Is there a built-in way to select an enumeration function in scikit-learn? That is, perform an exhaustive assessment of all possible combinations of input functions, and then find the best subset. I am familiar with the Recursive Exclusion Function class, but I am particularly interested in evaluating all possible combinations of input functions one after another.

+9

scikit-learn

Dov Apr 9 '14 at 8:31

source share

5 answers

By combining the answers of Fred Fu and the comments nopper, ihadanny and jimijazz, the following code gets the same results as the function R regsubsets () (part of the jump library) for the first example in Lab 1 (6.5.1 Best Subset) Selection in the book " Introduction to statistical training with applications in R ".

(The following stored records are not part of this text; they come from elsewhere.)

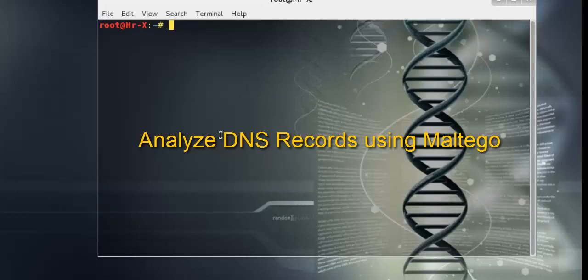Hello friends. Today I'm going to show and explain how to analyze DNS records using Maltego.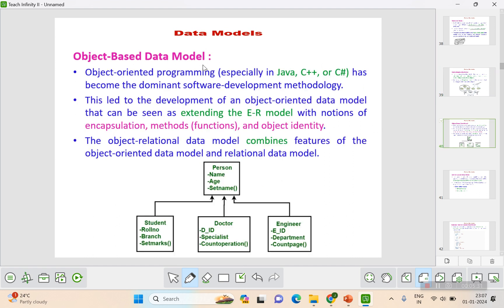The next one is the object-based data model. Object-oriented programming languages such as C, C++, and Java have become the most dominant software development methodology and play a vital role in the computer science domain. This led to the development of an object-oriented data model that extends the ER model. The object-based data model is a combination of object-oriented data model and relational data model, called the object-relational data model.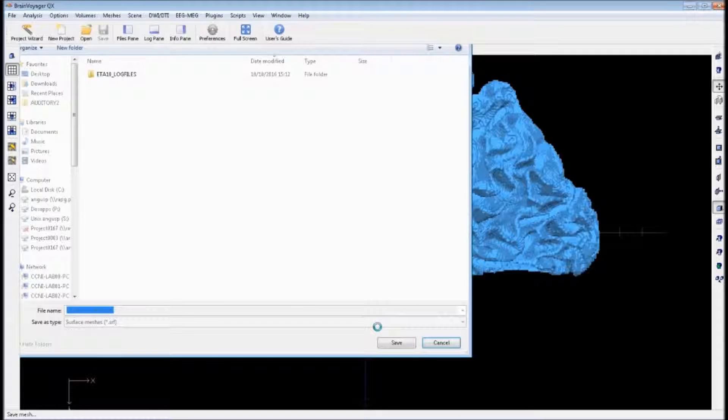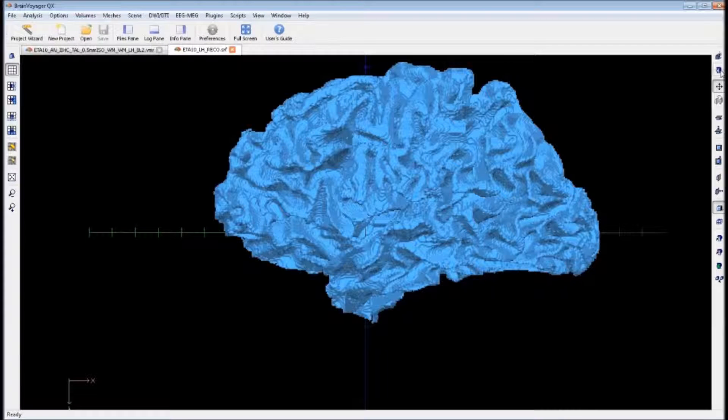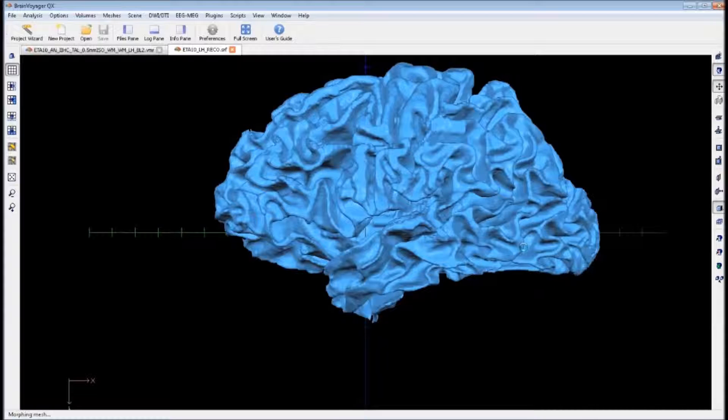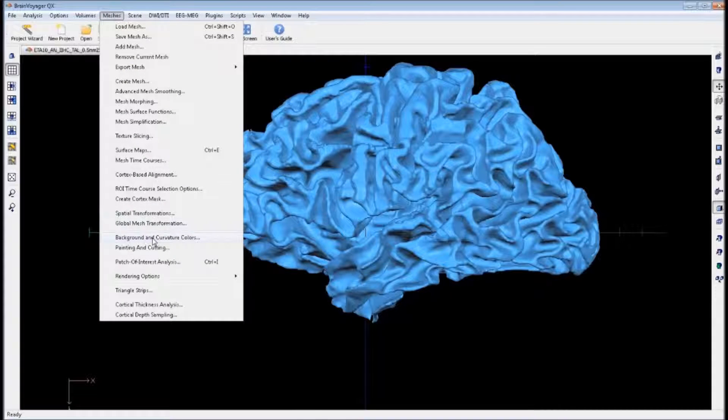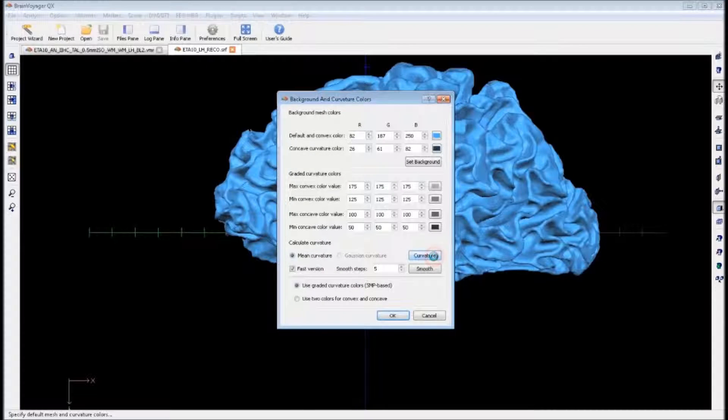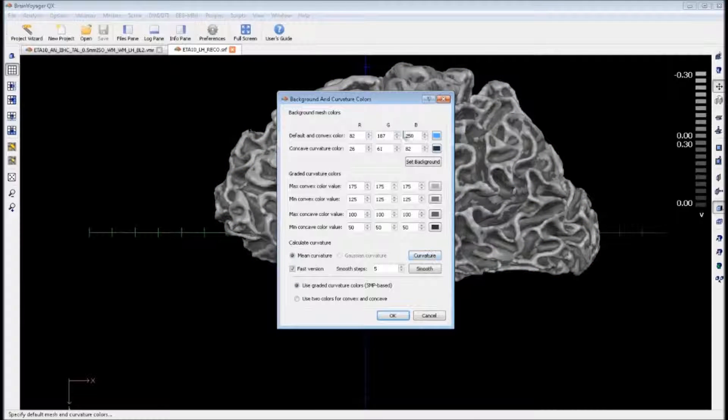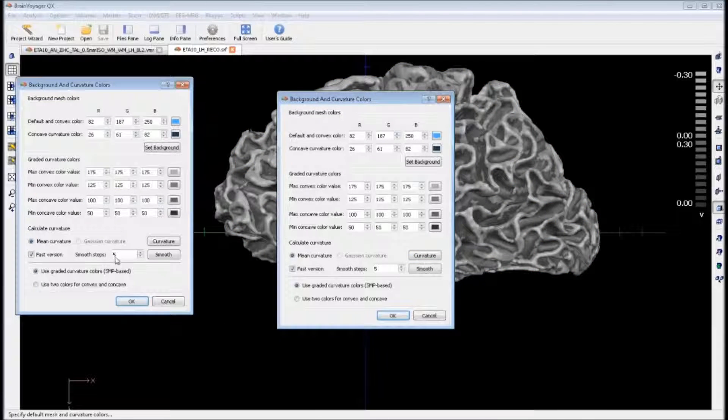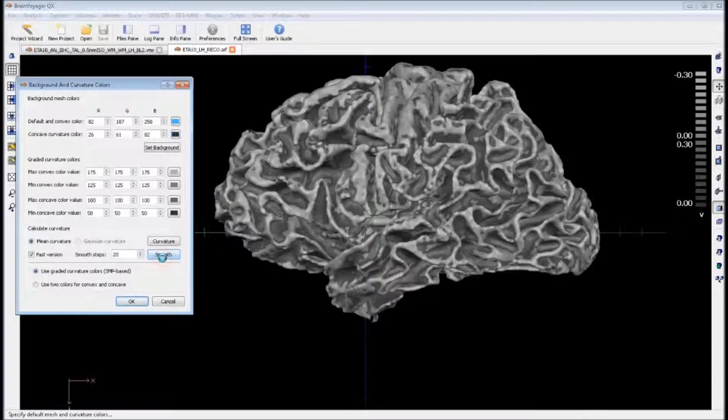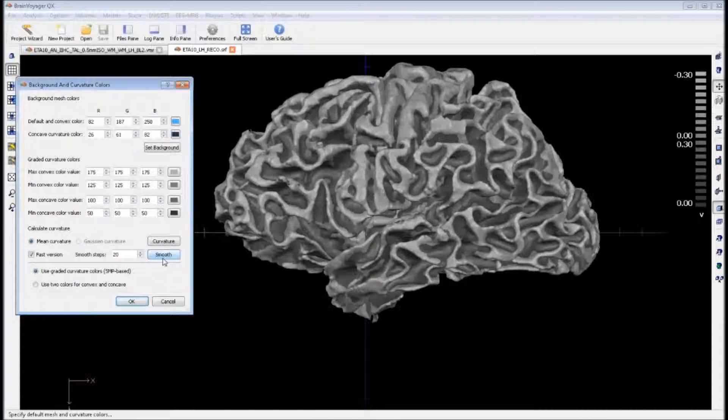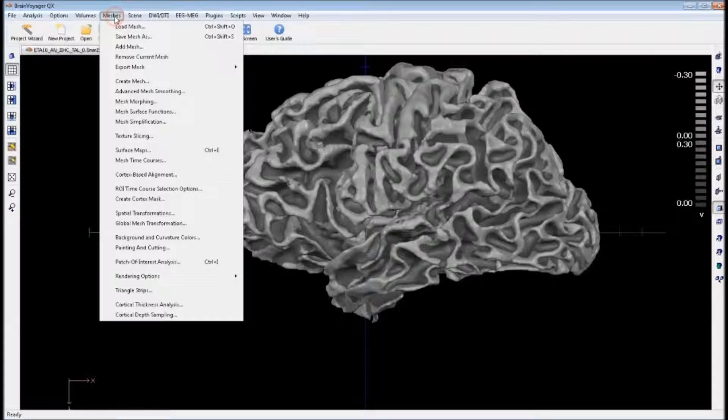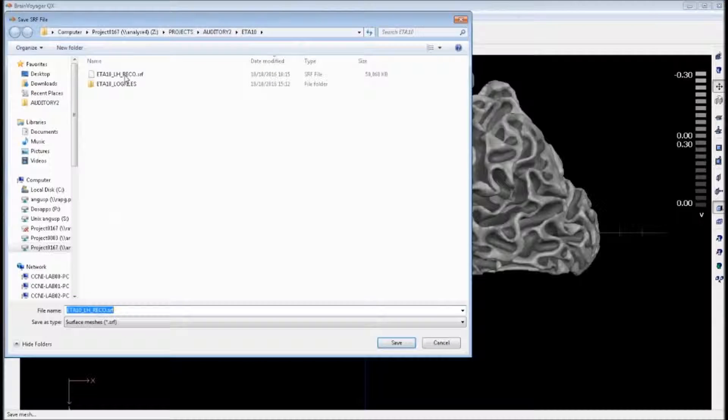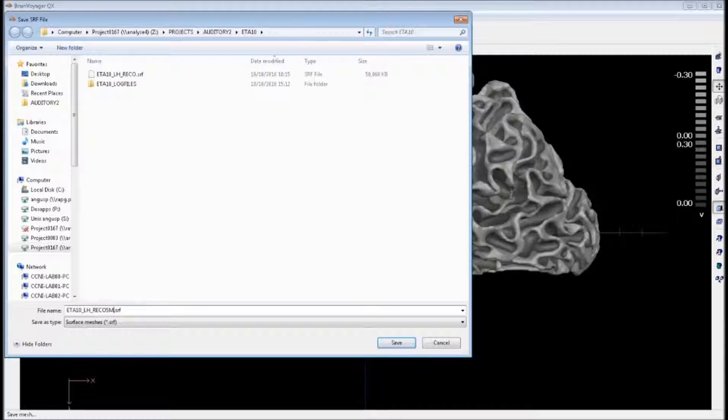Next, we want to smooth the mesh. If we click the button directly under the previous one, it will smooth the mesh out for us. Then we can go into meshes and apply some background and coverage colors. The number of smooth steps for this high resolution mesh is about 20. We get this lovely looking mesh. We want to save this. We can just add SM to the end of our previous file name for smooth.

 from itertools import combinations from sklearn.cross_validation import cross_val_score def best_subset(estimator, X, y, max_size=8, cv=5): '''Calculates the best model of up to max_size features of X. estimator must have a fit and score functions. X must be a DataFrame.''' n_features = X.shape[1] subsets = (combinations(range(n_features), k + 1) for k in range(min(n_features, max_size))) best_size_subset = [] for subsets_k in subsets: # for each list of subsets of the same size best_score = -np.inf best_subset = None for subset in subsets_k: # for each subset estimator.fit(X.iloc[:, list(subset)], y) # get the subset with the best score among subsets of the same size score = estimator.score(X.iloc[:, list(subset)], y) if score > best_score: best_score, best_subset = score, subset # to compare subsets of different sizes we must use CV # first store the best subset of each size best_size_subset.append(best_subset) # compare best subsets of each size best_score = -np.inf best_subset = None list_scores = [] for subset in best_size_subset: score = cross_val_score(estimator, X.iloc[:, list(subset)], y, cv=cv).mean() list_scores.append(score) if score > best_score: best_score, best_subset = score, subset return best_subset, best_score, best_size_subset, list_scores

See the Notebook at http://nbviewer.jupyter.org/github/pedvide/ISLR_Python/blob/master/Chapter6_Linear_Model_Selection_and_Regularization.ipynb#6.5.1-Best-Subset-Selection

+1

Pedro villanueva Jun 05 '18 at 15:50

source share

If you run this code in Python 3 xrange() , it has been renamed to range() .

0

Suleiman Dec 13 '17 at 5:07

source share

mlxtend library has an exhaustive selection of functions

0

rmwenzel Feb 02 '19 at 23:19

source share

You might want to take a look at the MLxtend Exhaustive Feature Selector . Obviously, it is not built into scikit-learn (yet?), But it supports its classifier and regressor objects.

0

jorijnsmit Oct 15 '19 at 8:07

source share

Fred foo · Accepted Answer · 2014-04-10T09:22:35+0000

No, the best selection of a subset is not implemented. The easiest way to do this is to write it yourself. This should start:

from itertools import chain, combinations from sklearn.cross_validation import cross_val_score def best_subset_cv(estimator, X, y, cv=3): n_features = X.shape[1] subsets = chain.from_iterable(combinations(xrange(k), k + 1) for k in xrange(n_features)) best_score = -np.inf best_subset = None for subset in subsets: score = cross_val_score(estimator, X[:, subset], y, cv=cv).mean() if score > best_score: best_score, best_subset = score, subset return best_subset, best_score

This performs k-fold cross-validity inside the loop, so it will correspond to k 2 estimates when transferring data with functions p.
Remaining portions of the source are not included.